Ahmed ne manifeste jamais une assurance théorique pour la morale aride de l'atermoiement ou du renoncement. Bien au contraire, Ahmed a surtout peur du regard des autres dans la fête et dans sa communauté. Il est en revanche bien souvent complice de farah : conversation à double sens sur la façon de faire un exposé (Farah va droit au premier thème trouvé. Ahmed prend le temps de réfléchir à la complexité du sujet) ou très belle promenade grimpante après cet exposé et entraîne l'invitation pour Noël.

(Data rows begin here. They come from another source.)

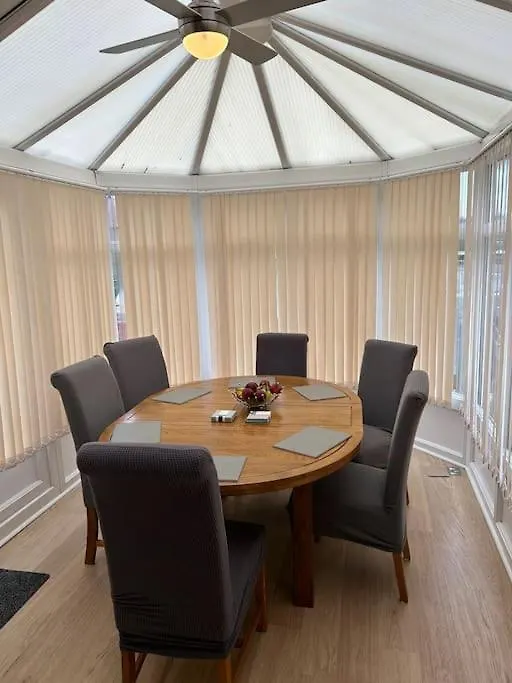 בית נופש Kiveton Park Fresh, Fully Equipped Modern House Can Sleep 5 בריטניה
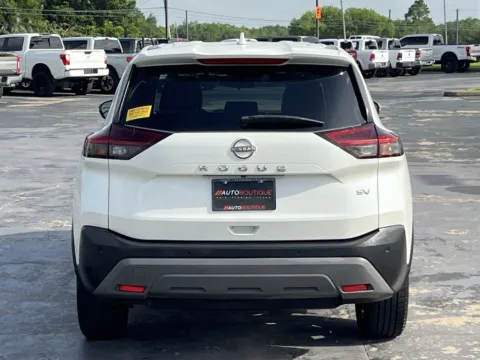 More photos of 2022 Nissan Rogue SV at Auto Boutique Texas, TX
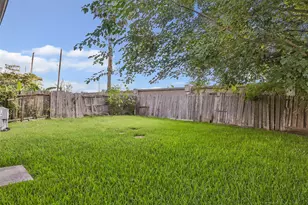 14107 Ballfour Park Ln, Houston, TX 77047 - Photo 6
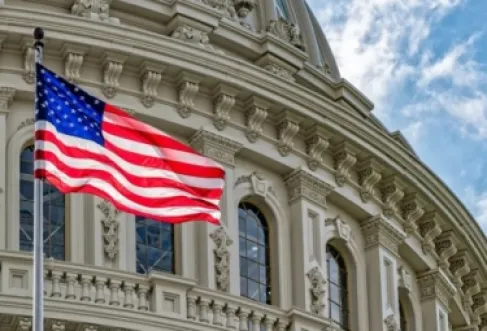 الخارجية الأمريكية تدعو رعاياها إلى مغادرة إيران فورا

Les moyens de libération viennent tour à tour. Le choc amoureux dès le frôlement du corps de Farah dans la rangée de sièges de l'amphi, la révélation d'une littérature du désir avec le cours de la professeure. L'errance dans la nuit du quartier latin et l'invitation dans la chambre de Farah. Le manuel d’érotologie, Le jardin parfumé, ludique, drôle et cru, écrit en Tunisie au XVe siècle par Cheikh Nefzaoui dont Ahmed s'était détourné dans la librairie prétextant que ce n'était pas de la littérature est offert pour Noël par Farah. La masturbation mécanique avec le site pornographique laisse place alors à celle avec le livre devenu objet charnel dans lequel la main cherche les mots et s'engouffre dans la fente des pages telle une matière charnelle. La clé libératrice ou, si l'on veut, la carte du trésor est offerte avec la courte lettre d'amour écrite en arabe. Plus mystérieux que les mots envoyés par ordinateur, ce trésor potentiel est ouvert par le père qui peut le traduire et redonner à son fils le goût d'apprendre l'arabe; comme un tremplin vers celle qu'il aime.

Le dépassement de l'assignation sociale

L' initiation amoureuse et sexuelle permet à Ahmed de ne pas rester dans la case qui lui a été assignée socialement. Ahmed trouve une autre voie que celle de l'accomplissement  réussi au sein de sa seule communauté. Son grand frère ne montre que les signes d'une réussite prisonnière des préceptes d'une morale rétrograde. Ahmed dépasse aussi la position aristocratique de son père qui s'est refusé à s'engager dans un travail qu'il juge avilissant. Ahmed va rejoindre les pas décidés de sa jeune sœur, celle qui se révolte des sacrifices de sa mère condamnée aux longues journées de ménages et qui surnomme son frère "Papa n°2" quand il se morfond dans sa chambre sans rien faire

La cinéaste n'a pas cessé d'érotiser le corps masculin. Dès l'ouverture le corps d'ahmed est vu au travers des carreaux translucides puis les gouttelettes sur la peau; ensuite les deux séquences de masturbation, l'insistance sur les fesses durant l'amour, le parcours de l'encre sur le corps pendant le cauchemar, les lèvres en gros plan. Le film ne pouvait guère se terminer autrement que par l'orgasme vécu simultanément par Farah et Ahmed.

Il aura néanmoins fallu à Ahmed comprendre que l'amour de l'autre ou l'amour des autres, c'est partir de son territoire pour aller autre part ou, comme le dit Salman Rushdie, "Un homme n'a pas de racines, il a des pieds".

Jean-Luc Lacuve,le 10 septembre 2021.